▸ Work task
Keep the images out while you set down the data exactly.
***** Records for this exercise
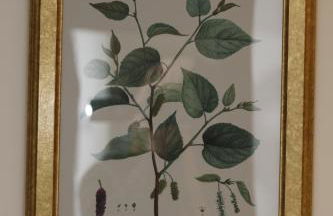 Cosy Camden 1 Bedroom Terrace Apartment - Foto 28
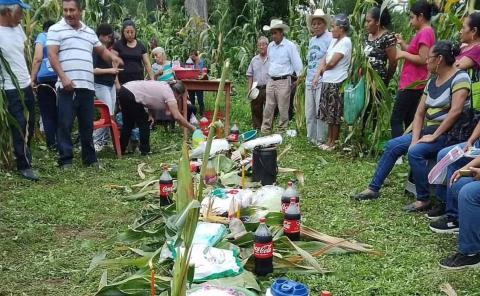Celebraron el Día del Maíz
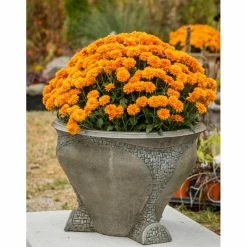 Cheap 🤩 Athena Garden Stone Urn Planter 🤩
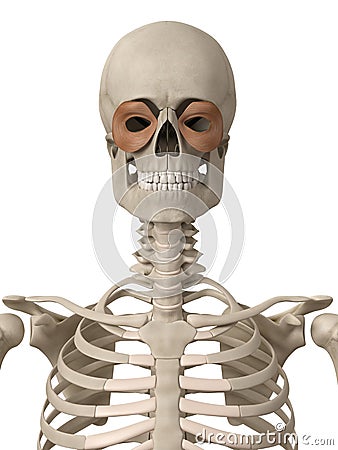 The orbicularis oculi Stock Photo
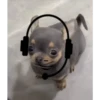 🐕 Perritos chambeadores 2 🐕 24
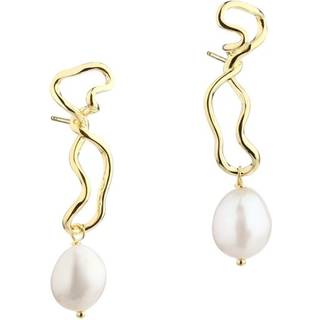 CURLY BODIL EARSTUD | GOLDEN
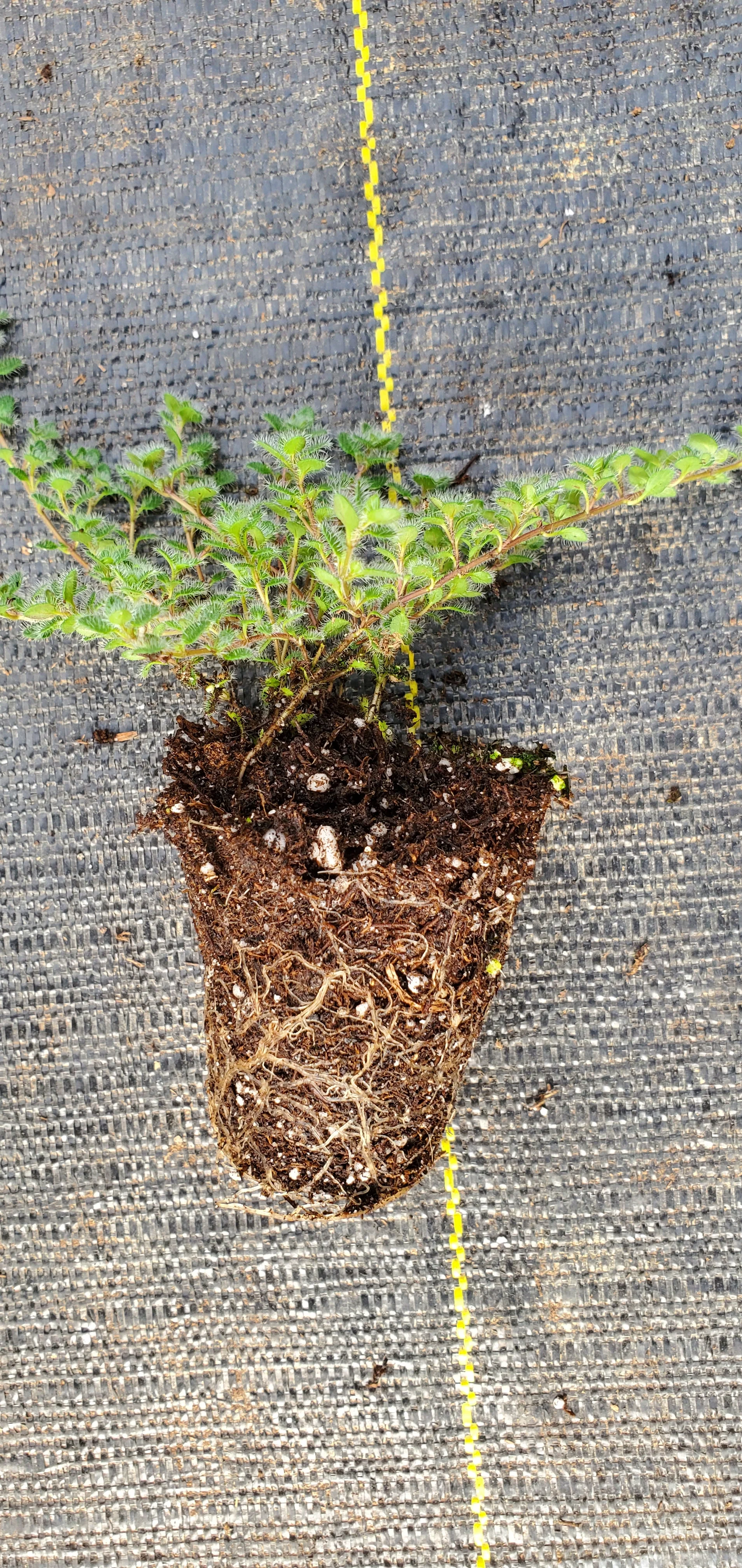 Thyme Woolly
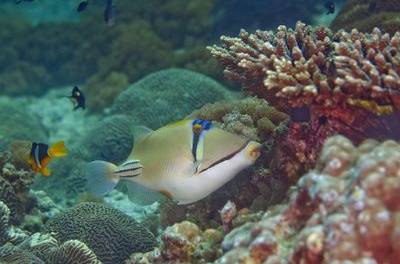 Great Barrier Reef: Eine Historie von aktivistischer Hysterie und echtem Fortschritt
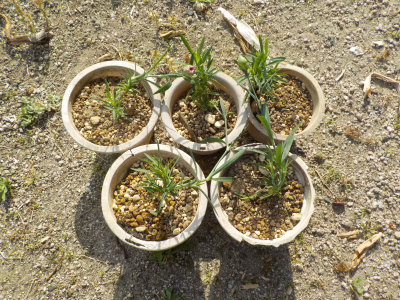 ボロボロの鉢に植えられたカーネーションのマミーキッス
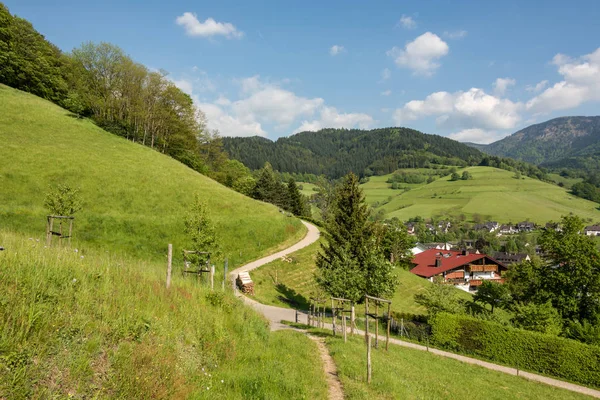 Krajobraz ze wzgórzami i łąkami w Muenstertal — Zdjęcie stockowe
**********
▸ Response
 Cosy Camden 1 Bedroom Terrace Apartment - Foto 28
Celebraron el Día del Maíz
 Cheap 🤩 Athena Garden Stone Urn Planter 🤩
 The orbicularis oculi Stock Photo
 🐕 Perritos chambeadores 2 🐕 24
 CURLY BODIL EARSTUD | GOLDEN
 Thyme Woolly
 Great Barrier Reef: Eine Historie von aktivistischer Hysterie und echtem Fortschritt
 ボロボロの鉢に植えられたカーネーションのマミーキッス
 Krajobraz ze wzgórzami i łąkami w Muenstertal — Zdjęcie stockowe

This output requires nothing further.